** Opening DATASET SECTION block **

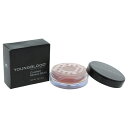 yKizyz Youngblood Crushed Mineral Blush - Rouge 0.1oz Oubh NbV ~l ubV yCOz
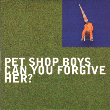 Can You Forgive Her? - CD5: 1993 UK (Parlophone; CDR 6348 / 7243-8-80638-2 1) [7 Jun 93; cardsleeve ps]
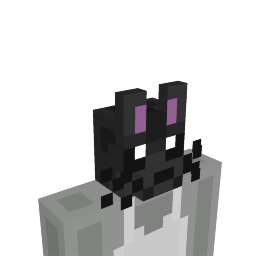 Thumbnail of the Minecraft Bedrock Marketplace product Kitty created by King Cube.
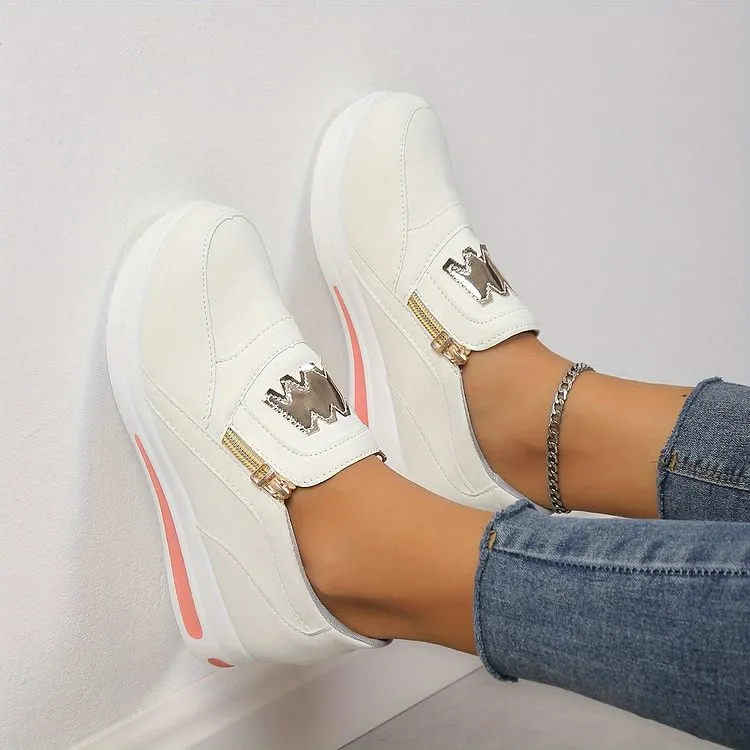 【45 % OFF】 2024 New Fashionable Orthopaedic Women's Shoes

** Closing DATASET SECTION block **

> PROBLEM DETAILS:
Retype all the data exactly, please, without pictures.

> EXERCISE OUTPUT:
 yKizyz Youngblood Crushed Mineral Blush - Rouge 0.1oz Oubh NbV ~l ubV yCOz
 Can You Forgive Her? - CD5: 1993 UK (Parlophone; CDR 6348 / 7243-8-80638-2 1) [7 Jun 93; cardsleeve ps]
 Thumbnail of the Minecraft Bedrock Marketplace product Kitty created by King Cube.
 【45 % OFF】 2024 New Fashionable Orthopaedic Women's Shoes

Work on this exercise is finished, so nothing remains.